Détenu sans aide et sans support
Ce texte a été rédigé par Jean-Pierre Bellemare. Détenu depuis 22 ans à la prison de Cowansville, l’auteur signe depuis 2 ans la Chronique du prisonnier dans la revue Reflet de Société. Il explique ici les difficultés qu’éprouvent les prisonniers de parler de leurs tourments intérieurs et l’incapacité pour eux d’obtenir de l’aide qui en découle.
Admettre ses erreurs
Il faut avoir suffisamment de lucidité pour d’abord reconnaître que nous avons un problème. Cela sous-entend que nous avons manqué de jugement en ce qui concerne nos limites à un moment donné. De s’admettre dépassé ou surchargé demande une humilité que nous les hommes percevons trop souvent comme de la fragilité, de la vulnérabilité.
Silence en prison
Pourtant, ce point de départ est incontournable pour avoir de l’aide.

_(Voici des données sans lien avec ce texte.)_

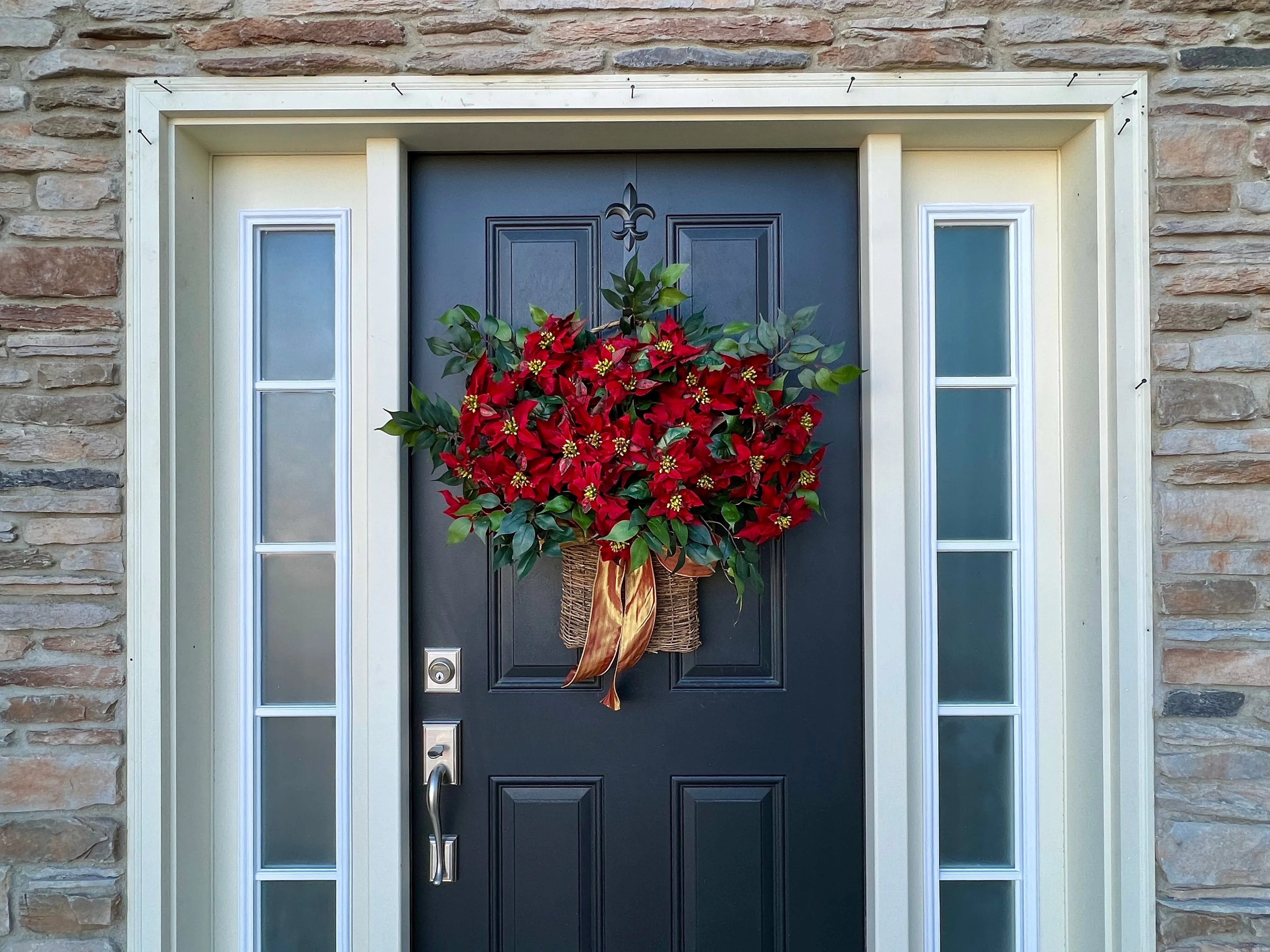 Red Poinsettia Christmas Basket Wreath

Au pénitencier, de s’ouvrir ainsi représente un véritable danger car plusieurs d’entre nous avons coupé les ponts avec cette fragilité intérieure que nous confondons avec notre vulnérabilité. Nos passés furent souvent des suites de drames qui nous ont exacerbés au maximum.
Les baguettes en l’air
À force de manger des coups, il devient normal de marcher avec les «baguettes en l’air» pour se protéger. Tristement, la vie nous apparaît beaucoup moins attrayante qu’elle ne devrait l’être et notre souffrance et notre malheur nous semblent alors être la norme.
Peur de se faire aider
L’amélioration et le changement deviennent presque impossible parce qu’avec les «baguettes en l’air» de manière défensive, nous maintenons en place des barricades empêchant toute aide extérieure de s’approcher.